• REQUIRED WORK:
Could you copy every record below exactly, leaving out the pictures?

• DATA FOR THIS EXERCISE:

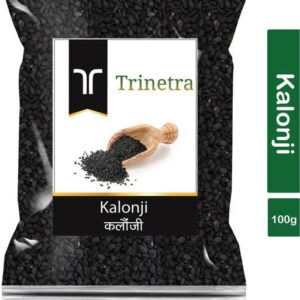 Trinetra Best Quality Kalonji 100g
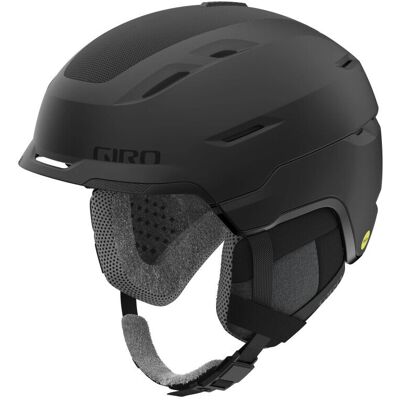 Giro Tenaya Sfärystyczny Matowy Czarny Mały - Kask narciarski Giro Tenaya Sfärystyczny Matowy Czarny Mały - Kask narciarski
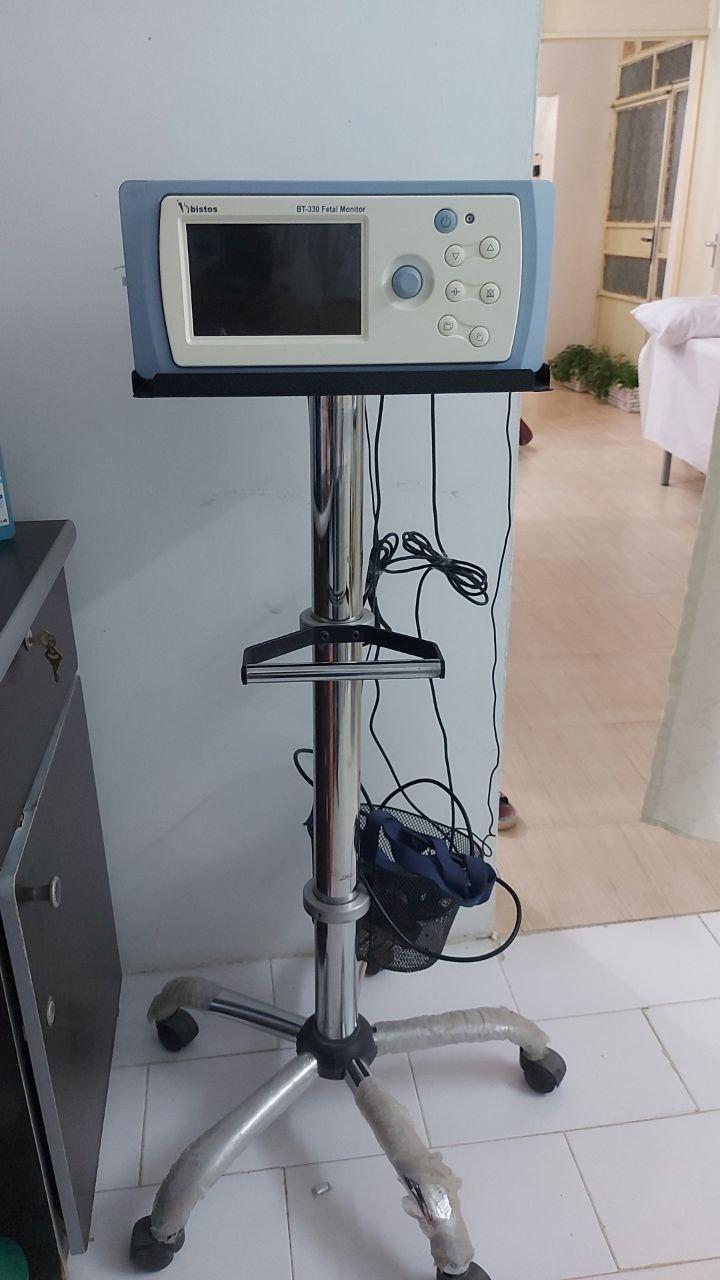 فتال مانیتورینگ NST bistosدست دو/مدینیوم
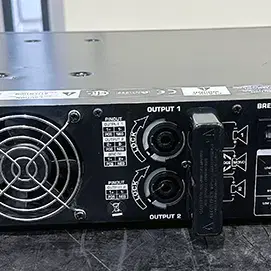 Behringer 파워앰프 EP1500 (450W x 2)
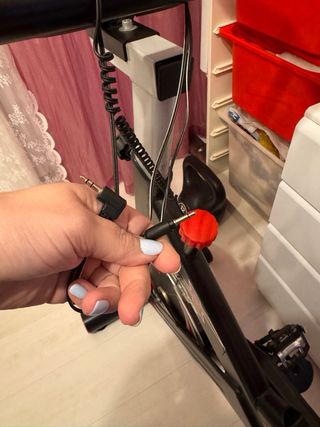 Bicicleta Estática Fit-Force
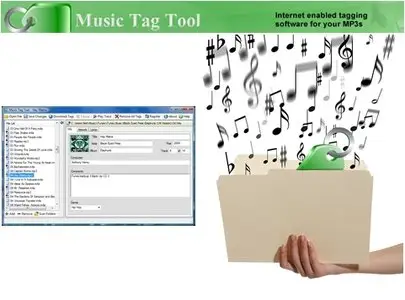 Wide Angle Software Music Tag Tool v2.08 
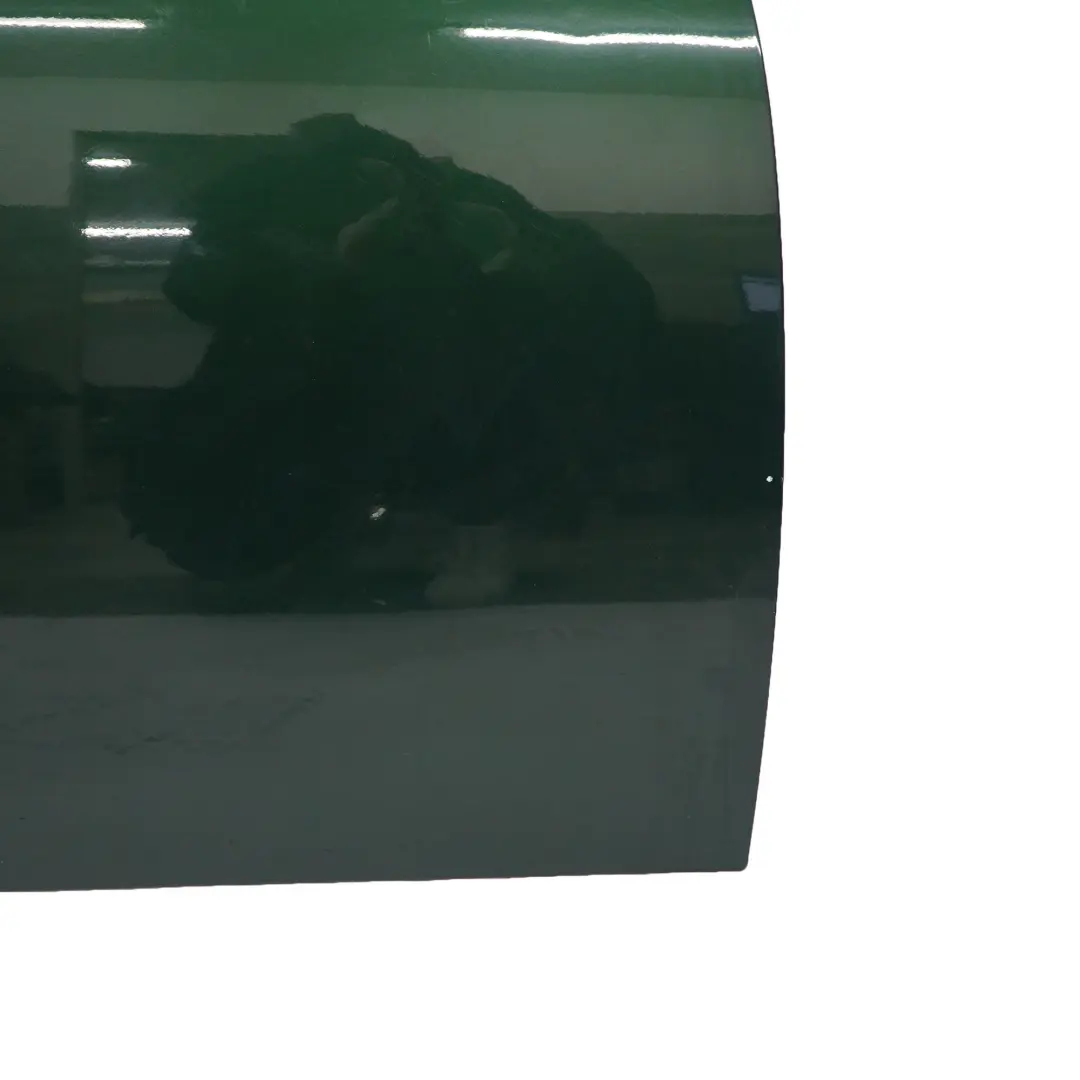 Door Front Right O/S R55 R57 R58 British Racing Green II Metallic - B22 to Mini R56 with Part number 2755936 Mini R56 Door Front Right O/S R55 R57 R58 British Racing Green II Metallic - B22 - SKU 2755936-BRGII1 - Part number 2755936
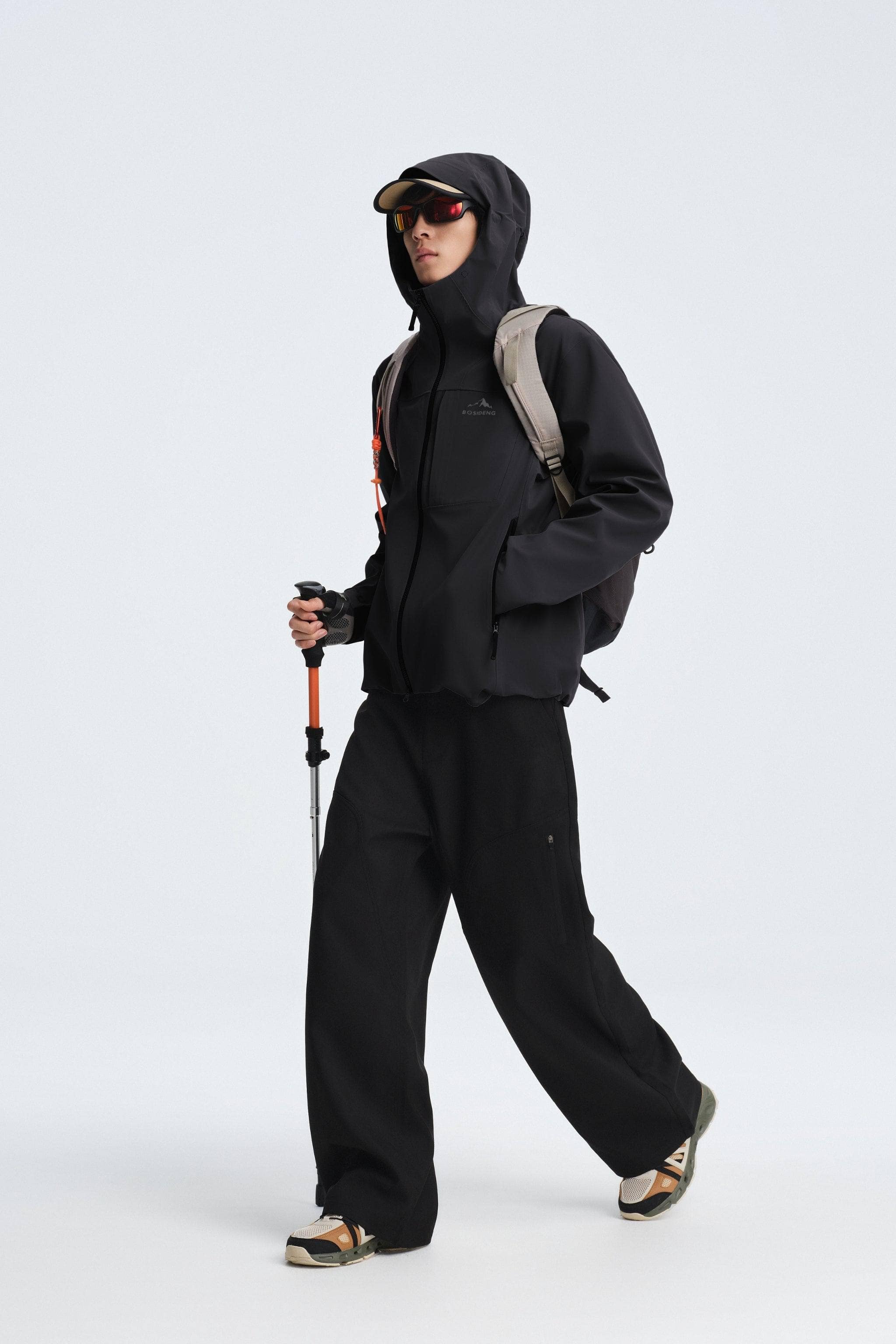 Men's All Weather Soft Shell Jacket 1323 - Image 23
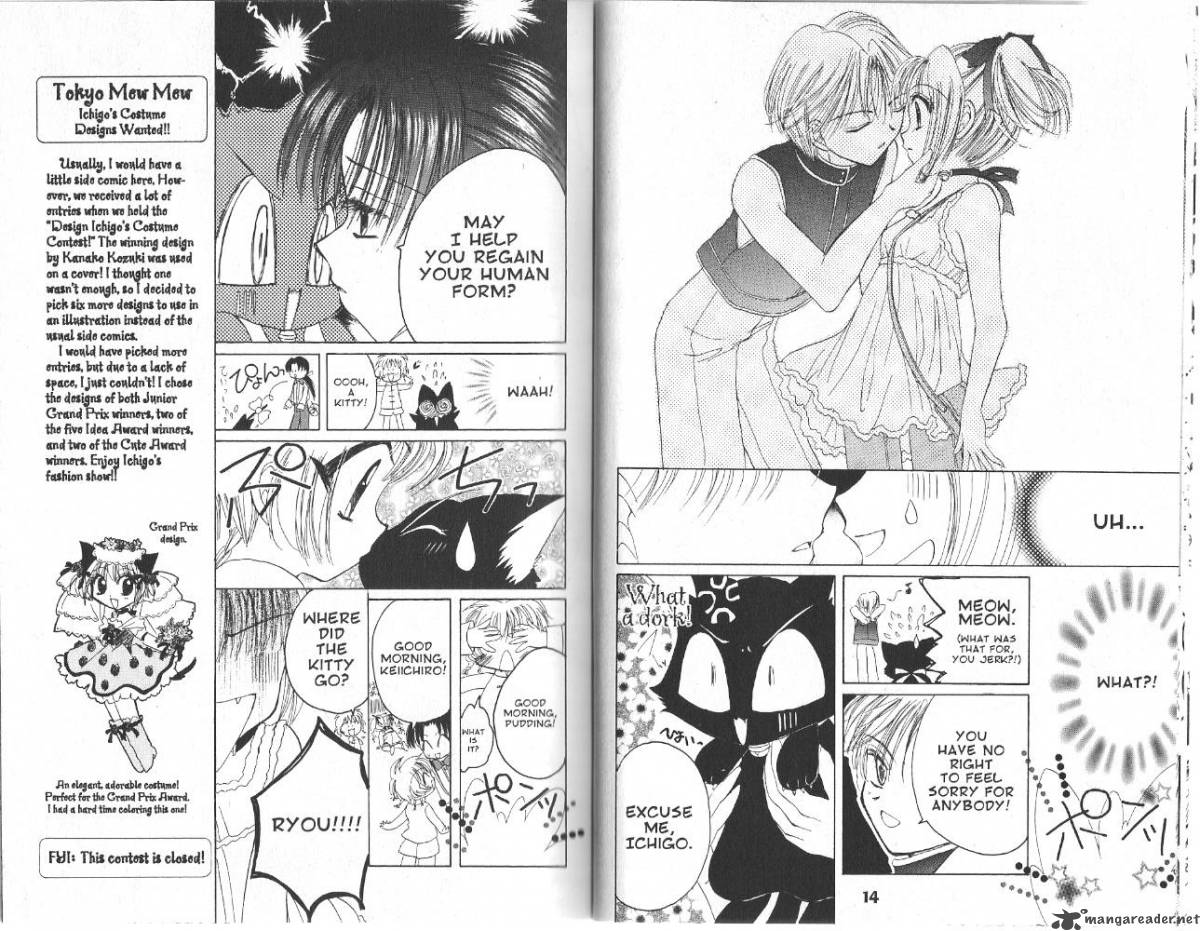 Tokyo Mew Mew 24 9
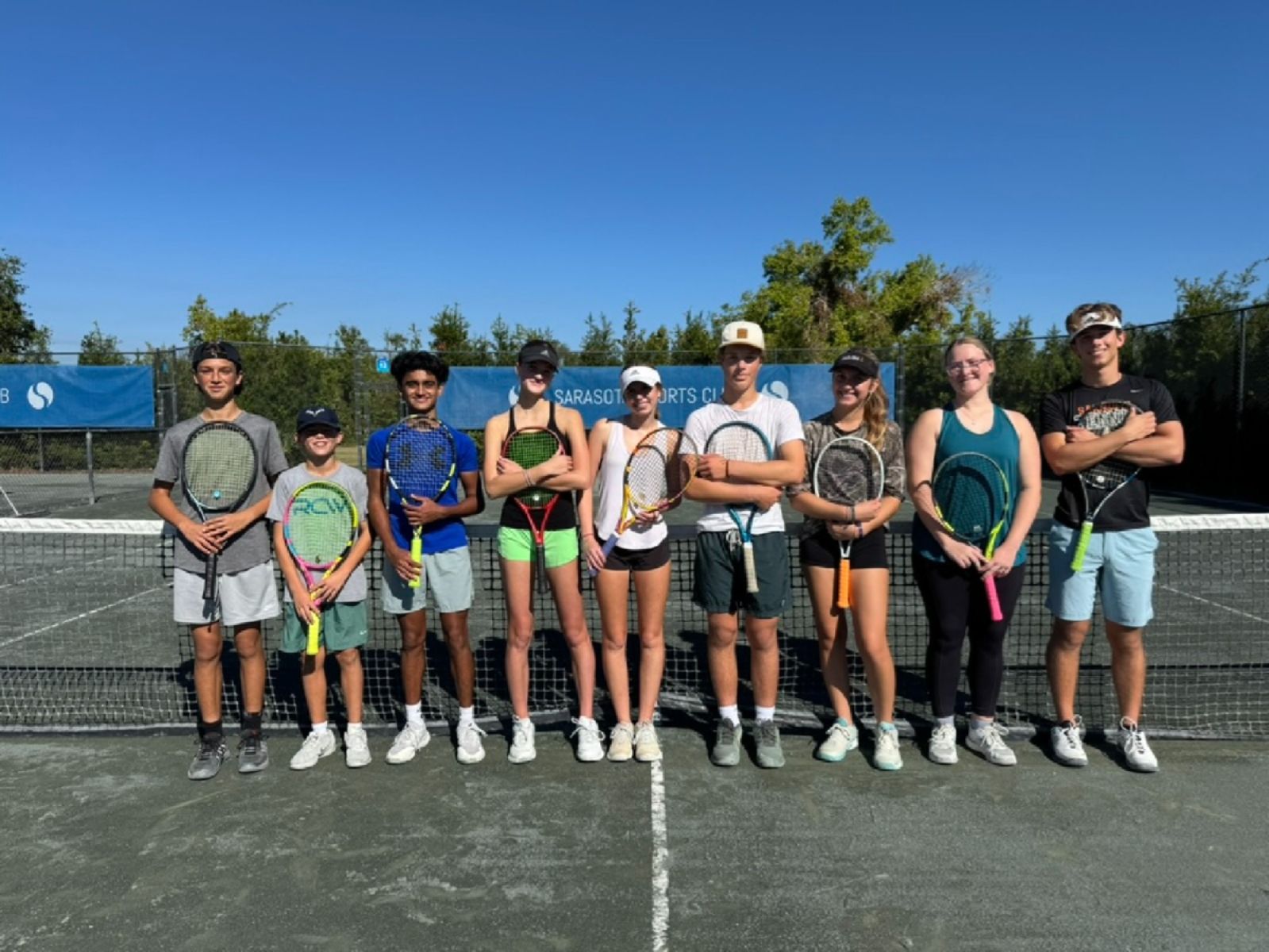 Coach Michael Boothman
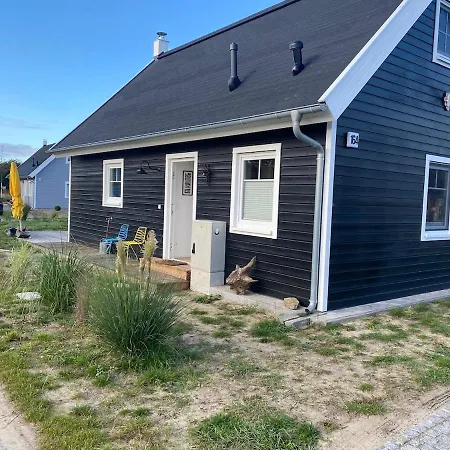 Holiday-home Hafendorf-brandenburg 度假居 *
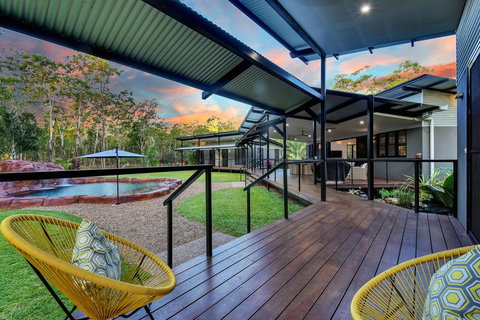 'Tropical Oasis - Darwin NT - Hervey Bay Accommodation 20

• YOUR SOLUTION:
 Trinetra Best Quality Kalonji 100g
 Giro Tenaya Sfärystyczny Matowy Czarny Mały - Kask narciarski Giro Tenaya Sfärystyczny Matowy Czarny Mały - Kask narciarski
 فتال مانیتورینگ NST bistosدست دو/مدینیوم
 Behringer 파워앰프 EP1500 (450W x 2)
 Bicicleta Estática Fit-Force
 Wide Angle Software Music Tag Tool v2.08 
 Door Front Right O/S R55 R57 R58 British Racing Green II Metallic - B22 to Mini R56 with Part number 2755936 Mini R56 Door Front Right O/S R55 R57 R58 British Racing Green II Metallic - B22 - SKU 2755936-BRGII1 - Part number 2755936
 Men's All Weather Soft Shell Jacket 1323 - Image 23
 Tokyo Mew Mew 24 9
 Coach Michael Boothman
 Holiday-home Hafendorf-brandenburg 度假居 *
 'Tropical Oasis - Darwin NT - Hervey Bay Accommodation 20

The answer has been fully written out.